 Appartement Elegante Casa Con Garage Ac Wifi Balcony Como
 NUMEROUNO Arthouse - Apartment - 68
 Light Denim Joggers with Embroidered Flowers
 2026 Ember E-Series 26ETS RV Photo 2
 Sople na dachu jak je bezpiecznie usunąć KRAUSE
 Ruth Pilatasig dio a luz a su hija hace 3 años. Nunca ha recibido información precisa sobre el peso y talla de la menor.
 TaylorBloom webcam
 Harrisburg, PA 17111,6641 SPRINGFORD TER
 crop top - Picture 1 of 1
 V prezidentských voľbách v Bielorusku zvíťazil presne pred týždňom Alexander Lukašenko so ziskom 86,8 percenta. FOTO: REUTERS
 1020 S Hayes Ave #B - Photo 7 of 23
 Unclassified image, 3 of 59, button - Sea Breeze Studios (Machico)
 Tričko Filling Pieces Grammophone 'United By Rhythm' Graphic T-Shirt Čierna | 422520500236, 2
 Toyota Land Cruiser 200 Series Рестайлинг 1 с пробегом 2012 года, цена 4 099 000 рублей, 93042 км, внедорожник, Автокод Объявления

◆ **What is being asked**: Copy the listing in full. Match it word for word.

◆ **Solution to the problem**:
 Appartement Elegante Casa Con Garage Ac Wifi Balcony Como
 NUMEROUNO Arthouse - Apartment - 68
 Light Denim Joggers with Embroidered Flowers
 2026 Ember E-Series 26ETS RV Photo 2
 Sople na dachu jak je bezpiecznie usunąć KRAUSE
 Ruth Pilatasig dio a luz a su hija hace 3 años. Nunca ha recibido información precisa sobre el peso y talla de la menor.
 TaylorBloom webcam
 Harrisburg, PA 17111,6641 SPRINGFORD TER
 crop top - Picture 1 of 1
 V prezidentských voľbách v Bielorusku zvíťazil presne pred týždňom Alexander Lukašenko so ziskom 86,8 percenta. FOTO: REUTERS
 1020 S Hayes Ave #B - Photo 7 of 23
 Unclassified image, 3 of 59, button - Sea Breeze Studios (Machico)
 Tričko Filling Pieces Grammophone 'United By Rhythm' Graphic T-Shirt Čierna | 422520500236, 2
 Toyota Land Cruiser 200 Series Рестайлинг 1 с пробегом 2012 года, цена 4 099 000 рублей, 93042 км, внедорожник, Автокод Объявления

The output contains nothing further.